Exclusions in schools – Why they mustn’t be outlawed
The decision of one London borough to prevent virtually all forms of permanent exclusion risks leaving schools with fewer options and a drain on staff capacity, argues Dr Stephen Curran…
Once again, the education system’s progressives are putting untested theory over years of experience – this time, by preventing schools from excluding pupils.
I refer here to the London Borough of Southwark’s recent response to high rates of exclusion among its schools. Rather than try to reduce the number of those excluded – through interventions, say – it’s instead attempted to try and ban the practice entirely, proposing that students will only be removed from schools if they’re actively threatening the safety of their peers.
Teachers, it seems, will be encouraged to understand the reasons behind bad behaviour using a ‘trauma-informed response,’ and not take incidents at ‘face value.’
Let’s be clear – mandating no exclusions at all is just as extreme as resorting to exclusions continually. While it’s true that many children’s lives are affected by a rage of complex issues, and that schools should be compassionate in how they engage with these, it’s also unfair to tell 29 other children that their classroom experience must be sacrificed for the sake of one child with serious problems. It’s important to recognise the rights of the majority, not just the minority.
Over 30 years of teaching I came to learn that sometimes, there was simply no choice but to have a child removed from class so that the rest could learn freely and be treated fairly. A ‘no exclusion’ policy might seem well-meaning at first, but it’s one founded on idealism, and an erroneous belief that all problems children present with are ultimately solvable with kindness and understanding.
I remember once dealing with two highly disruptive children who dominated the time and attention of the school’s hugely compassionate teachers.
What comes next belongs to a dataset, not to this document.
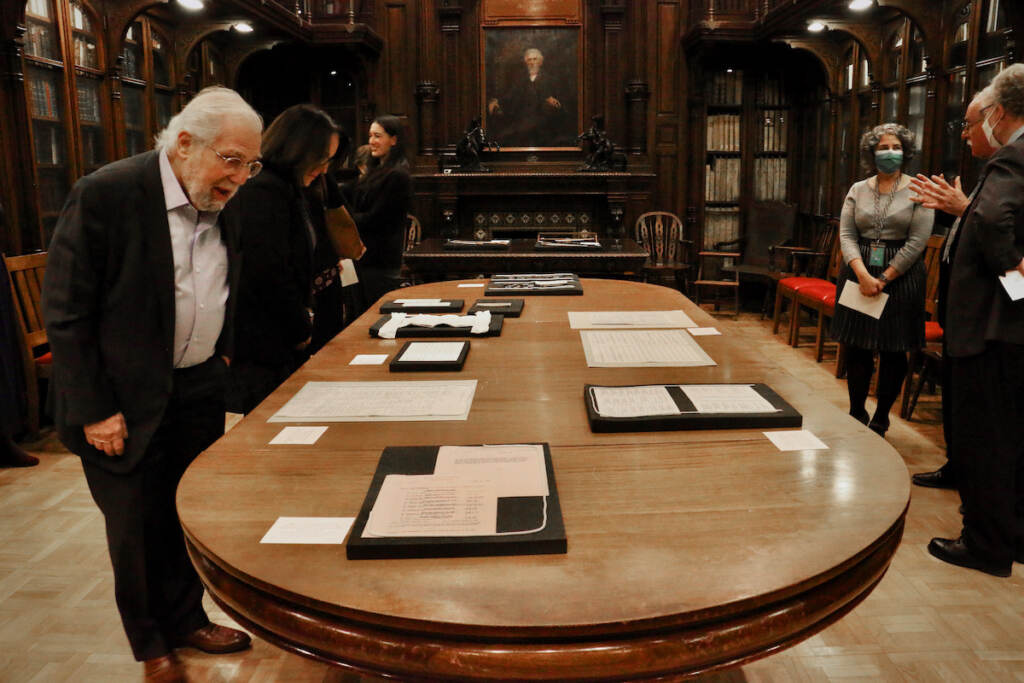 People walk around a table where papers are displayed.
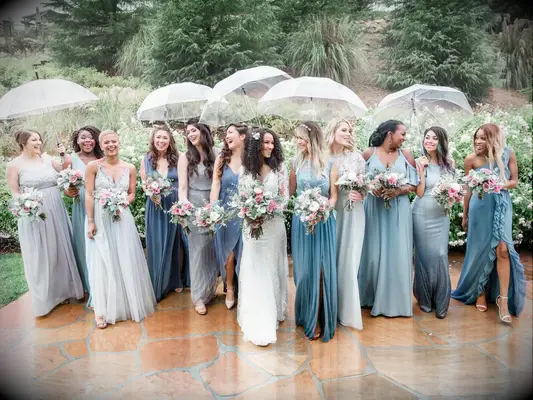 Bride and bridesmaids in blue dresses holding umbrellas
They went on to commit a serious rape, and are currently serving prison time. The reality is that schools can’t solve all the problems children have. Sometimes, proceeding with exclusion and teaching them in a specialised unit is the only viable option.
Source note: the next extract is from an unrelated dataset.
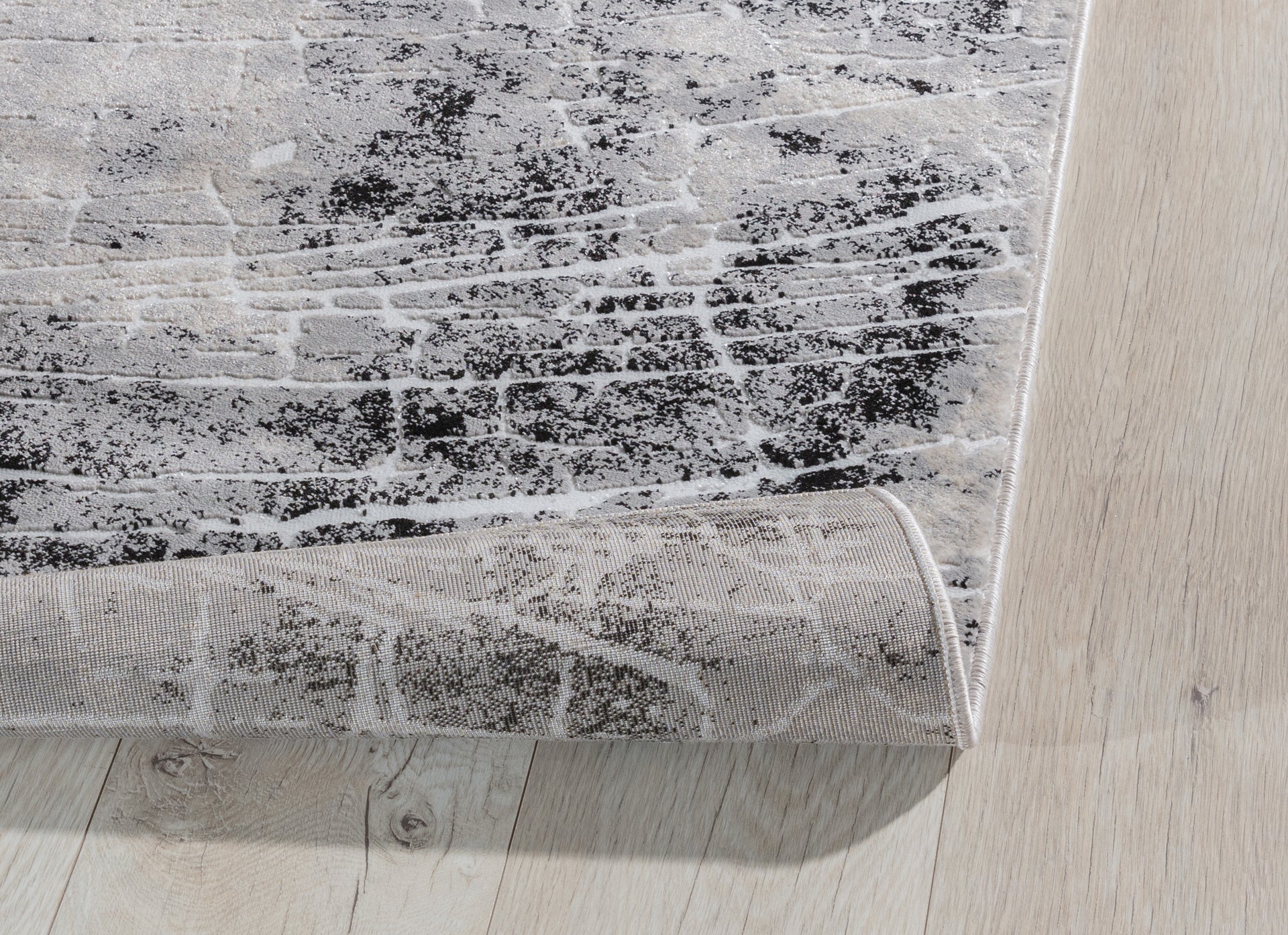 Zagięty róg dywanu Bardot Grey 80x150 cm, ukazujący elastyczność i jakość wykonania runa.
Yet there can be a tendency among some progressive educationalists to view schools as centres of ‘social education’ – places where teachers assume additional carer roles, and are expected to sort out the social, behavioural and psychological problems affecting very difficult children. But this should be left to the experts – particularly psychologists and psychiatrists – rather than teachers.
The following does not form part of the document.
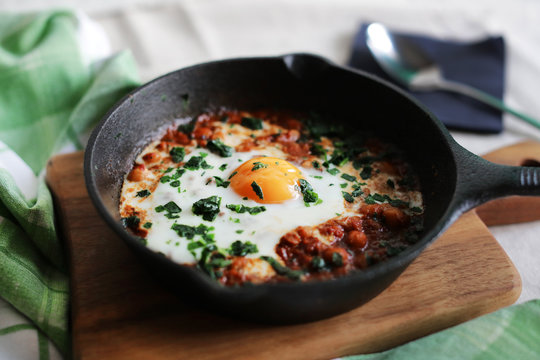 Poached egg in tomato sauce and spices, arabic shakshouka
I always believed that my role in school was to teach my subject, and that by doing this well, children would benefit from receiving an excellent education in said subject. It wasn’t about resolving social issues and making up for bad parenting.
When faced with a determinedly disruptive child, a teacher prevented from excluding any child from lessons can be genuinely powerless to do anything. Discussion, counselling, sanctions, and other techniques don’t always work, sometimes resulting in teachers spending endless hours outside classrooms, dealing with problems stemming from just one individual. A policy of ‘no exclusion’ denies schools a crucial way out of situations where there’s a risk of them becoming overwhelmed.
The influence of wider society on children’s behaviour also doesn’t help. Observe how some highly viewed ‘influencers’ have championed the rule-breaking of Extinction Rebellion and other protest movements. Many children will have seen this and taken it to mean that they themselves can do as they please.
We need to think more broadly about the values our society espouses, but that’s a process in which our schools can only play a limited part. Banning exclusions on the basis of ill-informed idealism serves to deny the wider harms that some societal values are causing – including the bad behaviour we see in schools.